As “revelações” da ex-ministra também se assemelham às “denúncias” da Q-Anon, uma seita ou teoria conspiratória de extrema-direita dos Estados Unidos, que apoiou a tentativa de reeleição do ex-presidente daquele país, Donald Trump. Segundo a seita, Trump seria uma espécie de “herói” ou “messias”, na luta contra uma rede mundial de exploração sexual infantil, formada por pedófilos e adoradores de satanás. Na verdade, essa rede nunca existiu, mas é usada para “demonizar” adversários políticos e criar pânico moral na sociedade.

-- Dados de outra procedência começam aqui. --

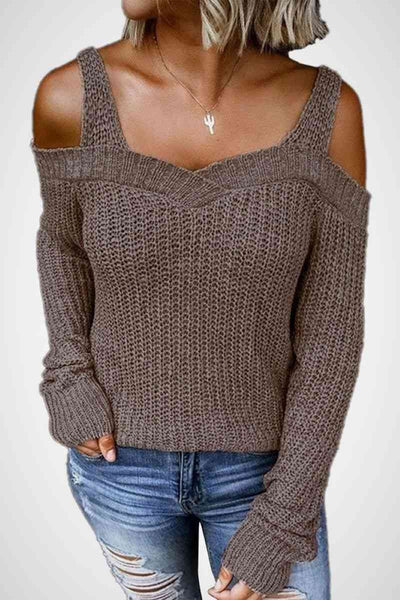 Long Sleeve Cold Shoulder Sweater - SHE BADDY© ONLINE WOMEN FASHION & CLOTHING STORE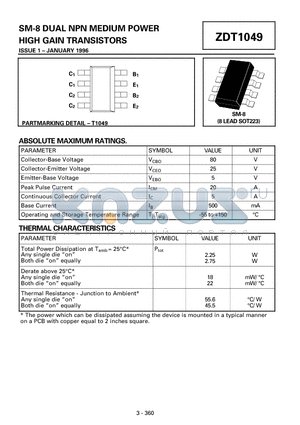 ZDT1049 datasheet - SM-8 DUAL NPN MEDIUM POWER HIGH GAIN TRANSISTORS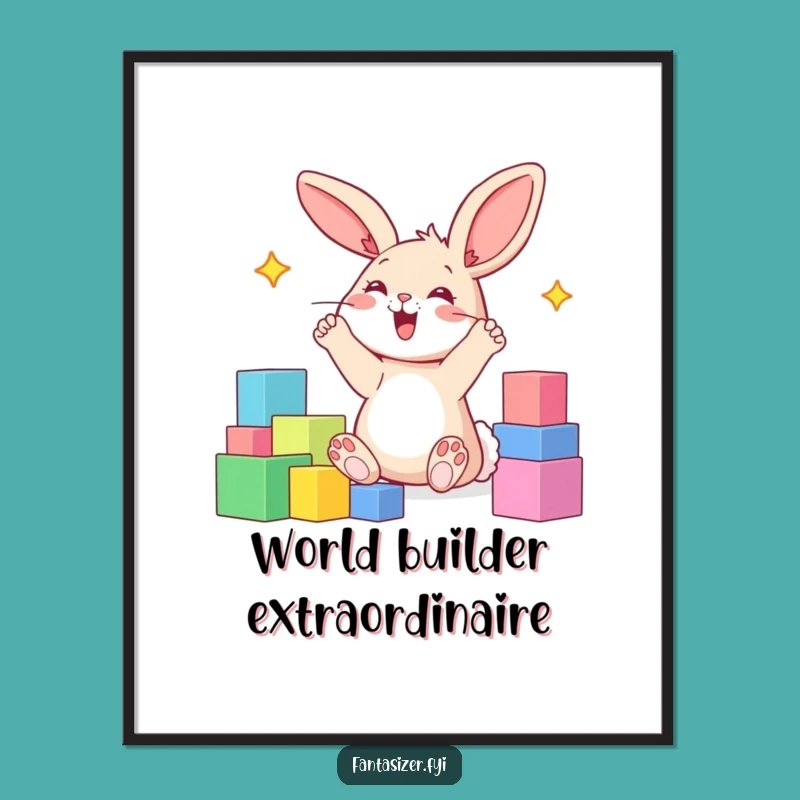 Funny Bunny Blocks Poster: Whimsical Wall Art Gift for Playful Spaces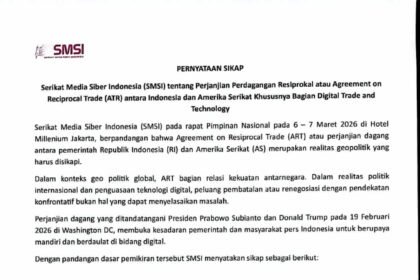 Serikat Media Siber Indonesia (SMSI) menyampaikan pernyataan sikap terkait perjanjian perdagangan resiprokal Indonesia–Amerika Serikat yang menyoroti pentingnya penguatan kedaulatan digital nasional.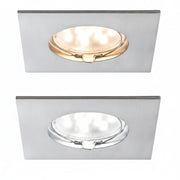 Einbauleuchte LED Coin klar eckig 6,8W Eisen 1er-Set 927.61 – Einbaustrahler IP44, dimmbar, 50mm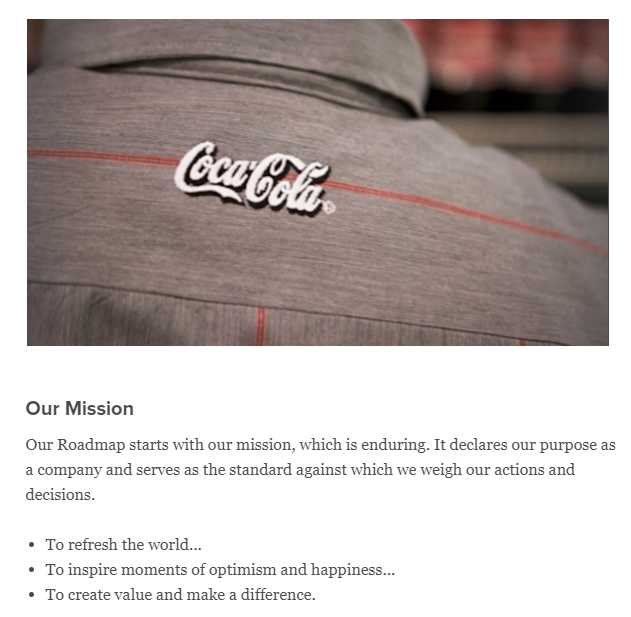 Coca Cola brand statemen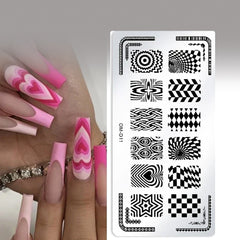 Love Heart Leaf Snake Leopard Nail Stamping Plate Design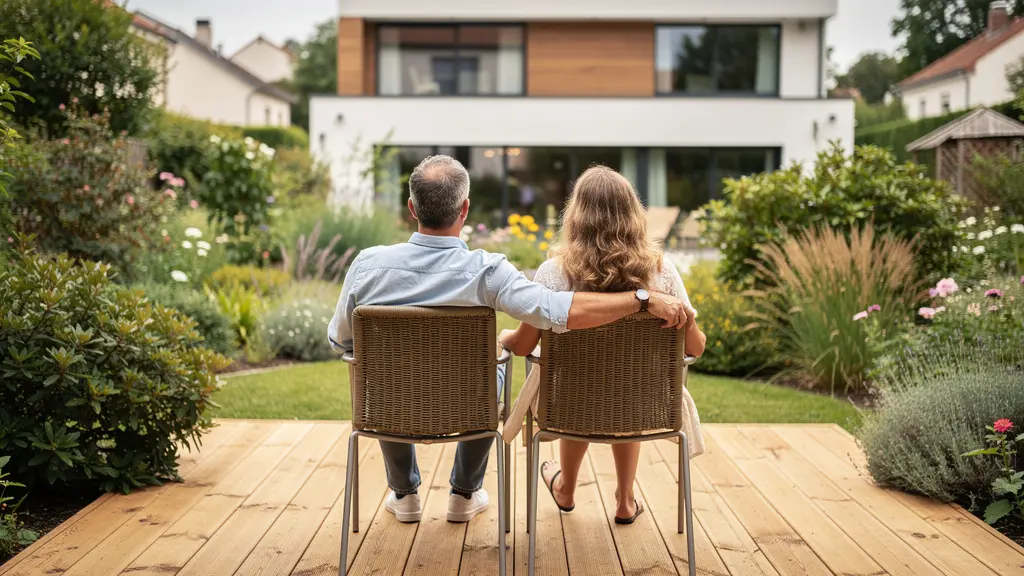 Terrasse bois naturel teinte miel dans jardin résidentiel français avec couple assis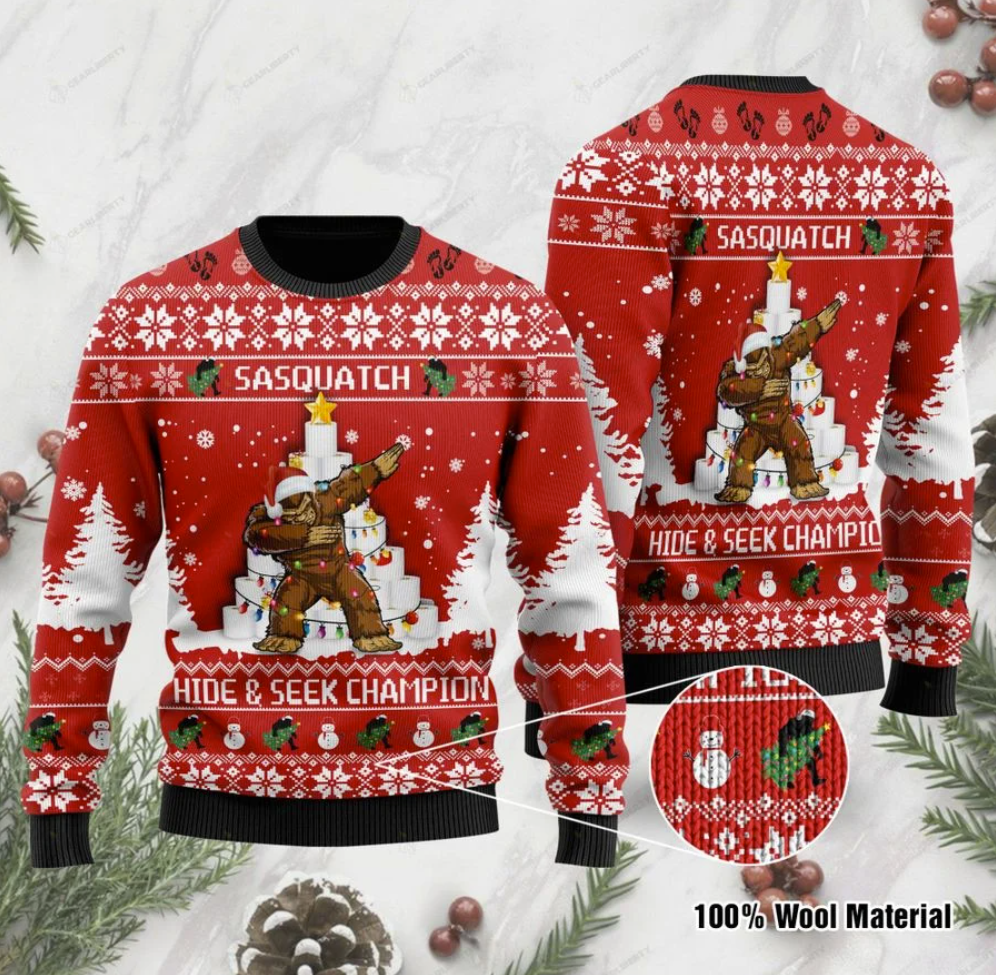 Bigfoot hide and seek champion ugly sweater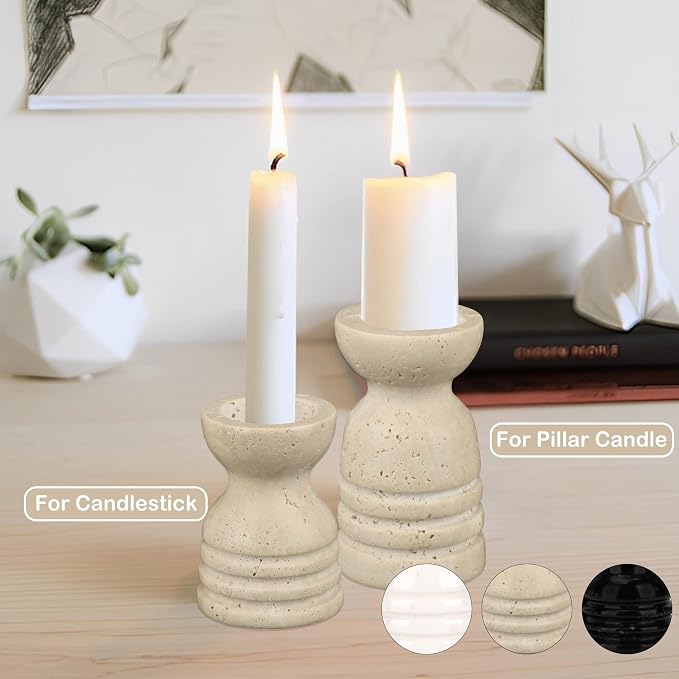 Candle Holders Italy True Natural Travertine Stone Set of 2 Premium Marble Candlestick Holder for Wedding Dinning Party Candle Stand for Dia 3/4" Taper Pillar Candles Color Beige (CH6065YL)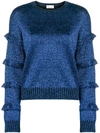 Red Valentino Crewneck Ruffle Trim Long-sleeve Metallic Knit Sweater In Blue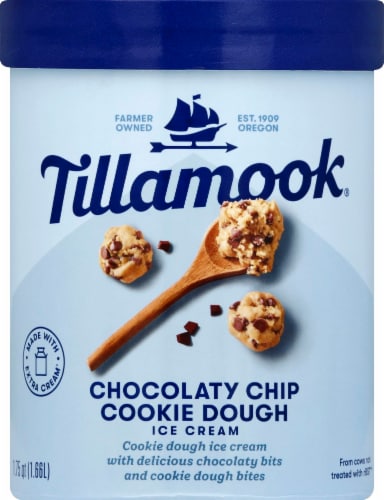 Tillamook Chocolaty Chip Cookie Dough Ice Cream Perspective: front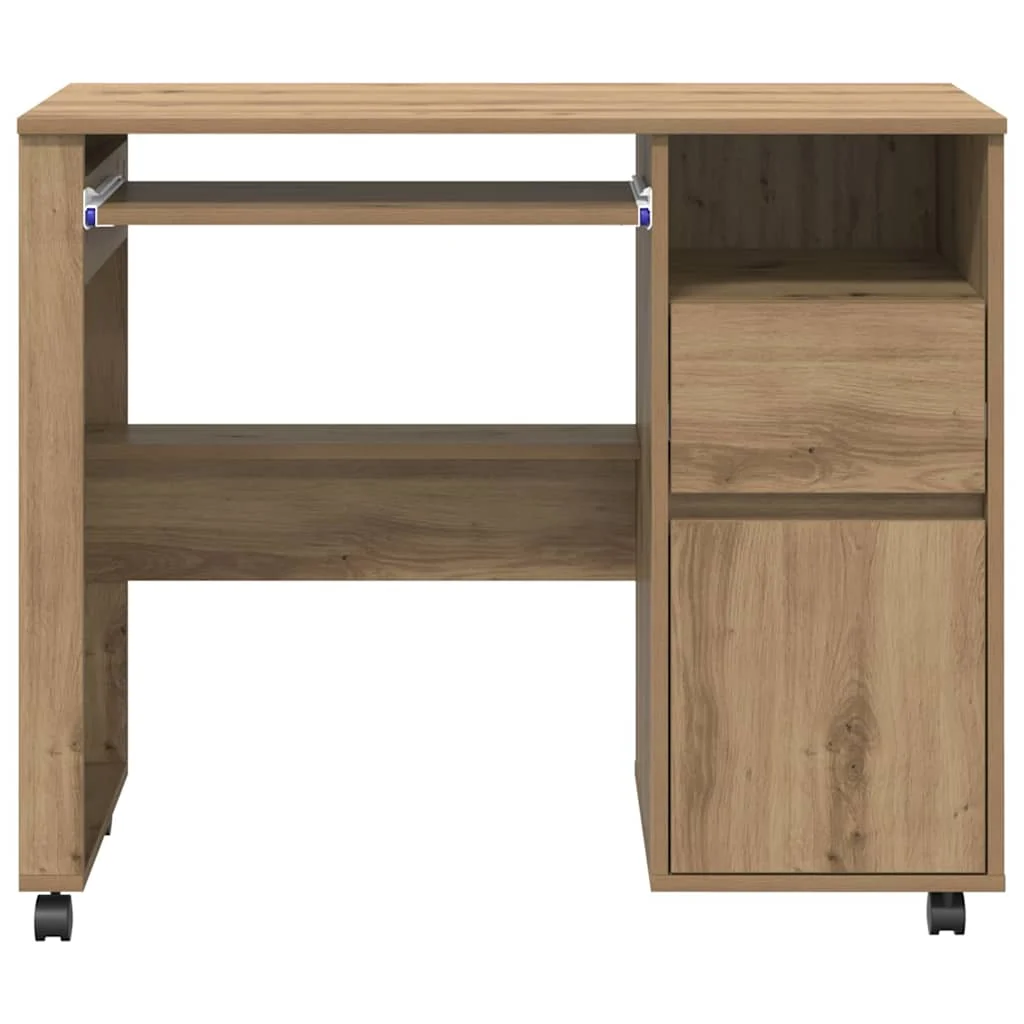 Bureau avec roues 91 x 50 x 77 cm chêne artisanal bois d'ingénierie – vue de dos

A Q-Anon é apoiada por fundamentalistas religiosos, grupos neonazistas e patriarcais, que defendem a supremacia branca e o poder absoluto dos homens sobre as mulheres, os filhos e os bens da família. A seita e integrantes desses grupos participaram da invasão do Capitólio, em 2019, após a derrota de Trump. Eles também apoiam o presidente Bolsonaro, que possuiria ligações a grupos neonazistas há cerca de duas décadas, segundo a doutora em Antropologia Social pela Unicamp, Adriana Dias, que pesquisa o movimento neonazista no Brasil.
POLÊMICAS
Essa não é a primeira polêmica envolvendo Damares, que é pastora evangélica, e as crianças da Ilha do Marajó. Em 2019, ela chocou o Pará e o Brasil ao afirmar que crianças marajoaras eram estupradas por não usarem calcinhas, e propor a instalação de uma fábrica dessa roupa íntima, naquele local. Na época, a juíza do Tribunal Regional do Trabalho da 8a Região Elinay Melo, disse à Agência Pública que um dos graves problemas da fala de Damares era a tentativa de culpar as crianças e adolescentes, pelas violências que sofrem: “Repassa para a vítima e para as famílias que estão naquela condição de extrema vulnerabilidade, de ausência total do Estado e de condições mínimas de vida, a responsabilidade pela violência”.
A nova polêmica, agita as redes sociais: internautas, incluindo parlamentares, afirmam que o fato de a ex-ministra ter feito as suas “revelações” a uma plateia na qual havia várias crianças, seria crime. Outros dizem que ela teria cometido crime, também, ao não denunciar imediatamente o caso à polícia e ao MP.